An Igloolik man who killed his 17-year-old girlfriend in 2018 told an Iqaluit courtroom on Friday that he was sorry for what he had done.
Jerry Ulayuruluk, who has been in custody since the killing, was found guilty of second-degree murder in the Nunavut Court of Justice earlier this month.
"I am really sorry that you guys are hurt. I pray for you guys," Ulayuruluk said in Inuktitut, speaking directly to the girl's family who flew to Iqaluit for the sentencing.
The victim's name is protected under a publication ban. Her family cried and held each other as the sentence was read.
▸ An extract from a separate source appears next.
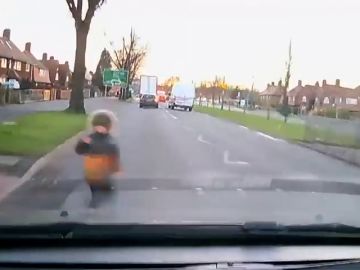 El impactante vídeo de un niño que sale ileso tras ser atropellado por dos coches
Justice Christian Lyons, who presided over the trial, gave Ulayuruluk a sentence of 14 years without parole.
This was in agreement with defence lawyer Craig Rogers and Crown prosecutor John MacFarlane, who submitted a joint position on Ulayuruluk's sentence.
"Jerry will have to live the rest of his life knowing that he killed a young woman in a horrific and senseless way. That is in itself a form of life sentence," Lyons said.
Ulayuruluk's sentence includes the time he has already spent in custody, leaving him a bit more than six-and-a-half years to serve in custody before he's eligible for parole.
'Trust ... violated'
MacFarlane also read victim impact statements from the girl's biological and adoptive mothers.
"Our lives have changed dramatically," her adoptive mother said.
"I wanted to help her get home. But my apologies I did not … it was too late," her biological mother said.
The minimum eligibility for parole in cases of second-degree murder is 10 years, but Lyons said several aggravating factors, including the victim's young age, should stretch that to 14 years.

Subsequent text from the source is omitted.